GM a déposé un dossier pour son retour en Bourse
Publiée le mercredi 18 août 2010
Le constructeur automobile américain General Motors a annoncé mercredi avoir déposé un dossier en vue de son introduction en Bourse qui doit lui permettre de rembourser une partie des capitaux publics perçus l'an dernier.
Le document préliminaire adressé par le géant de Detroit aux autorités de régulation américaines n'indique pas le nombre de titres qui seront mis en vente ni la fourchette indicative de prix de ce qui devrait être l'une des plus importantes introductions en Bourse jamais réalisées dans le monde.
Le constructeur a déposé une demande pour une IPO pouvant représenter jusqu'à 100 millions de dollars. Ce chiffre ne représente pas le montant total des fonds que GM espère lever lors de son retour en Bourse, ont déclaré des sources au fait de la situation.
GM pourrait lever jusqu'à 20 milliards de dollars, a-t-on précisé de mêmes sources.

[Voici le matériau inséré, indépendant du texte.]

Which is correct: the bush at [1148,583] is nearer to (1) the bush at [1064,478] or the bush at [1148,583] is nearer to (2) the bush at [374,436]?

Le projet comportera des actions ordinaires vendues par certains de ses détenteurs de parts et des actions préférentielles.

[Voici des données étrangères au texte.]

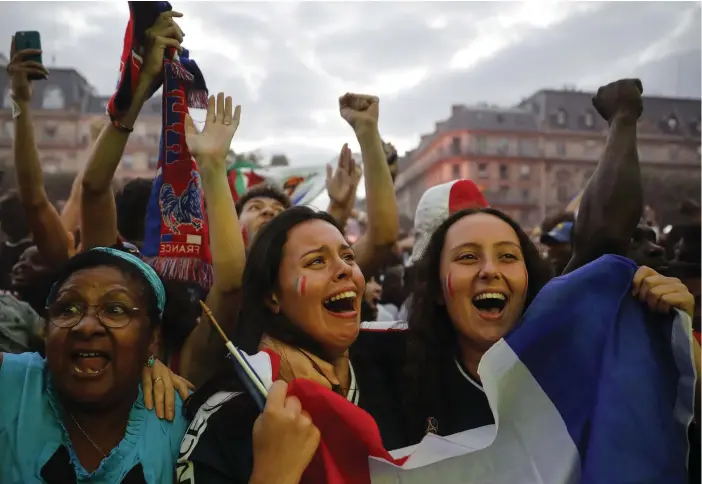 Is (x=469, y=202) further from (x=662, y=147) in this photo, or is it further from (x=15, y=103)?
(x=662, y=147)

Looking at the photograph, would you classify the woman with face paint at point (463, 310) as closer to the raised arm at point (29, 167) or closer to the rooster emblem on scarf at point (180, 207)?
the rooster emblem on scarf at point (180, 207)

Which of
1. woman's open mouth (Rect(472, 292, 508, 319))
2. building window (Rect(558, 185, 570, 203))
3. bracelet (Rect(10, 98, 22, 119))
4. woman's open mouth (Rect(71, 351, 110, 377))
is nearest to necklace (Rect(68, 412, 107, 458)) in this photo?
woman's open mouth (Rect(71, 351, 110, 377))

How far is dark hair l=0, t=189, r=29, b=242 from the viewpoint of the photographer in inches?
154

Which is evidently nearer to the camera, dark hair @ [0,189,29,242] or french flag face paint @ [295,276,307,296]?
french flag face paint @ [295,276,307,296]

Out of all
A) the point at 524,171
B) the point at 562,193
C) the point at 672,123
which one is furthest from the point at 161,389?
the point at 562,193

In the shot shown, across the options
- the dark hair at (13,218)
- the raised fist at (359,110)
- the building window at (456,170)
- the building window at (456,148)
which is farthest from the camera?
the building window at (456,148)

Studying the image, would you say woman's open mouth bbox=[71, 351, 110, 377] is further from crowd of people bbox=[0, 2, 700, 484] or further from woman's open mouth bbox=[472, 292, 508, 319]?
woman's open mouth bbox=[472, 292, 508, 319]

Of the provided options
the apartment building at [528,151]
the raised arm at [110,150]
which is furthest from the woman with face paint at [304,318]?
the apartment building at [528,151]

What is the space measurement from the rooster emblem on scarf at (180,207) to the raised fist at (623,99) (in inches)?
66.1

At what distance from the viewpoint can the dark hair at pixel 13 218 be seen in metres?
3.91

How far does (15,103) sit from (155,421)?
172 centimetres

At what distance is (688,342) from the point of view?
6.07 ft

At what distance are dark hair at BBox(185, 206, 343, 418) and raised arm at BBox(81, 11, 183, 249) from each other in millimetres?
737

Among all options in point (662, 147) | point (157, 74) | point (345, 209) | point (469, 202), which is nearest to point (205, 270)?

Morgan Stanley, JPMorgan, Bank of America Merrill Lynch et Citigroup ont été désignées comme les preneurs fermes par le constructeur américain.
GM a précisé qu'il souhaitait être coté à la Bourse de New York et à la Bourse de Toronto.
La première cotation devrait avoir lieu entre fin octobre et fin novembre, soit peu avant ou peu après les élections de mi-mandat au Congrès américain, prévues le 2 novembre.
Le département du Trésor américain a indiqué qu'il se réservait le droit de ne pas vendre ses actions de General Motors, dont il détient 60,8 % du capital. Certaines sources indiquent toutefois qu'il envisagerait de se dégager de 20 % de titres.
Les gouvernements du Canada et de l'Ontario détiennent une part de 11,7 %. Plus tôt cet été, le gouvernement McGuinty indiquait qu'il attendrait de voir l'approche de GM avant de prendre une décision quant à la vente de sa participation dans la société.
Une entrée en Bourse réussie apporterait un argument supplémentaire à l'administration de Barack Obama, qui soutient que le recours à l'argent des contribuables pour sauver la société était justifié.
General Motors s'était placé sous la protection de la loi sur les faillites en juin 2009. Un mois plus tard, après l'étude du dossier, GM sort en conservant quatre marques automobiles (Buick, Cadillac, Chevrolet, GMC) avec l'appui des États-Unis comme actionnaire à 61%, après avoir reçu quelque 50 milliards de dollars d'aides publiques.
La semaine dernière, GM a fait état d'un bénéfice net de 1,3 milliard de dollars au deuxième trimestre, contre 865 millions de dollars au trimestre précédent soit les meilleurs résultats en six ans.